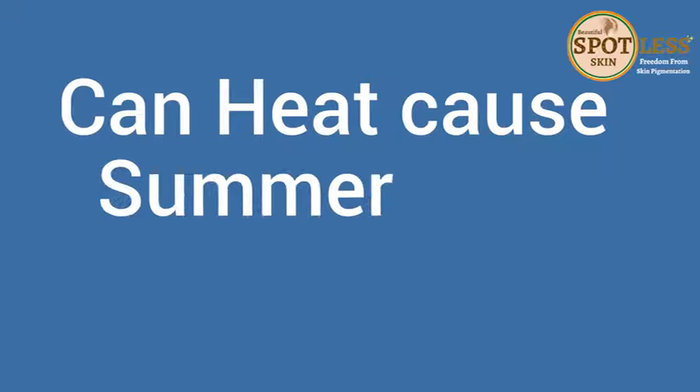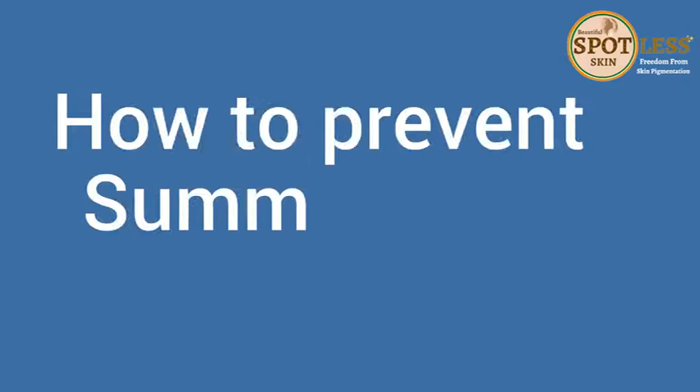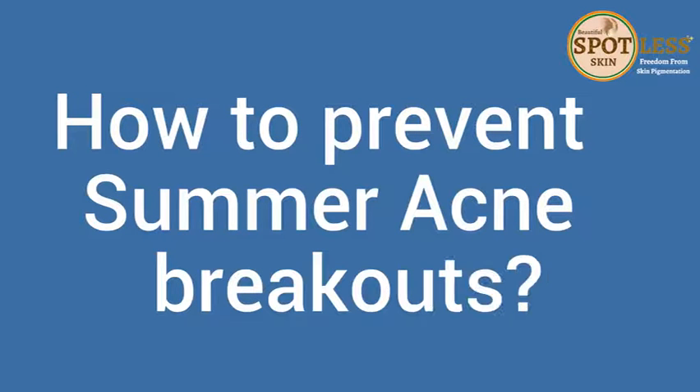Can heat cause summer acne breakouts? Definitely yes — in heat, the temperature is very much raised nowadays, so more hair follicles become active, there is more sweat production, and definitely more activity of the sebaceous gland, which leads to more acne. So let's talk about how to prevent summer acne breakouts.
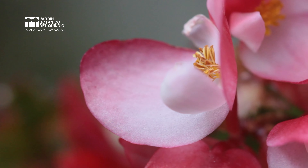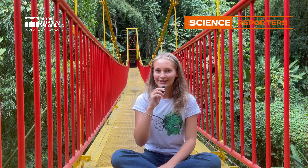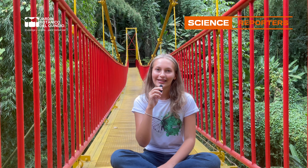We often think that the colors found on plants, fruits, and leaves are just decorative, but in reality they serve a really important role for the process of pollination and are really important in natural dynamics overall.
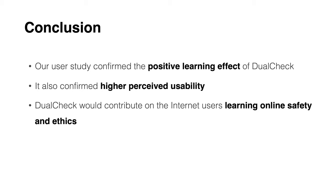For more information, please read our paper at SUPS 2022. Thank you for watching.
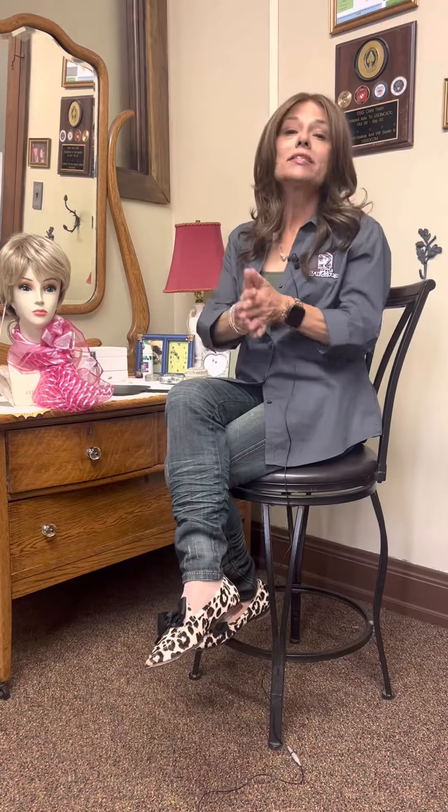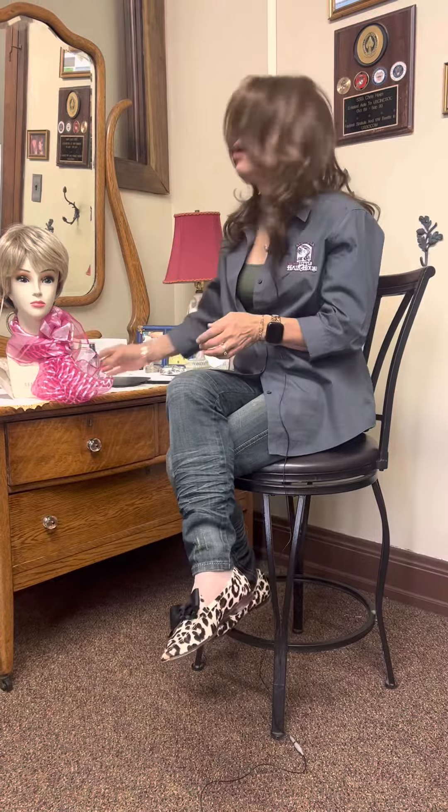Hey everybody, Debra from Very Best Little Hair House here. Today I just want to take a quick minute and tell you about one of my favorite styling products — and it is water.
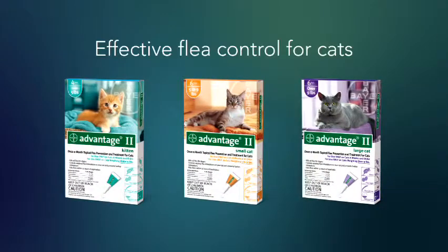Advantage 2 provides effective flea control for cats with the same proven active ingredient in Advantage topical solution, combined with an insect growth regulator.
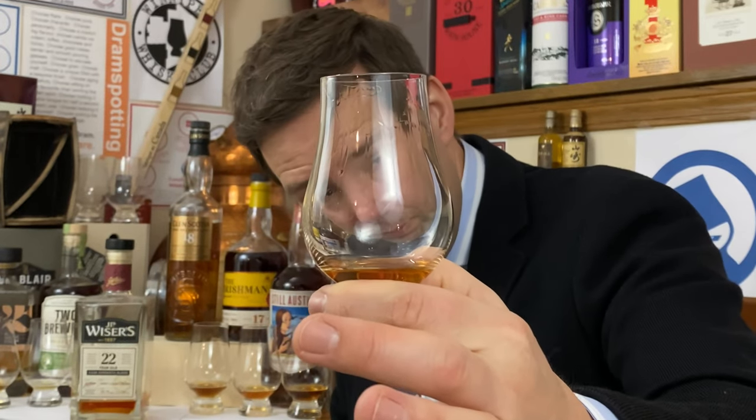Let's look at the legs — and a quick shout out to Dr. Don Livermore, hello, great stuff, see you soon. The legs are very slow to start; I think the high ABV makes it tough to see the legs on whiskey, but then you see it starting to drip down.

YOUR TASK:
Leave the images aside and transcribe all entries exactly.

WRITTEN RESPONSE:
Can heat cause summer acne breakouts? Definitely yes — in heat, the temperature is very much raised nowadays, so more hair follicles become active, there is more sweat production, and definitely more activity of the sebaceous gland, which leads to more acne. So let's talk about how to prevent summer acne breakouts.
We often think that the colors found on plants, fruits, and leaves are just decorative, but in reality they serve a really important role for the process of pollination and are really important in natural dynamics overall.
For more information, please read our paper at SUPS 2022. Thank you for watching.
Hey everybody, Debra from Very Best Little Hair House here. Today I just want to take a quick minute and tell you about one of my favorite styling products — and it is water.
Advantage 2 provides effective flea control for cats with the same proven active ingredient in Advantage topical solution, combined with an insect growth regulator.
Let's look at the legs — and a quick shout out to Dr. Don Livermore, hello, great stuff, see you soon. The legs are very slow to start; I think the high ABV makes it tough to see the legs on whiskey, but then you see it starting to drip down.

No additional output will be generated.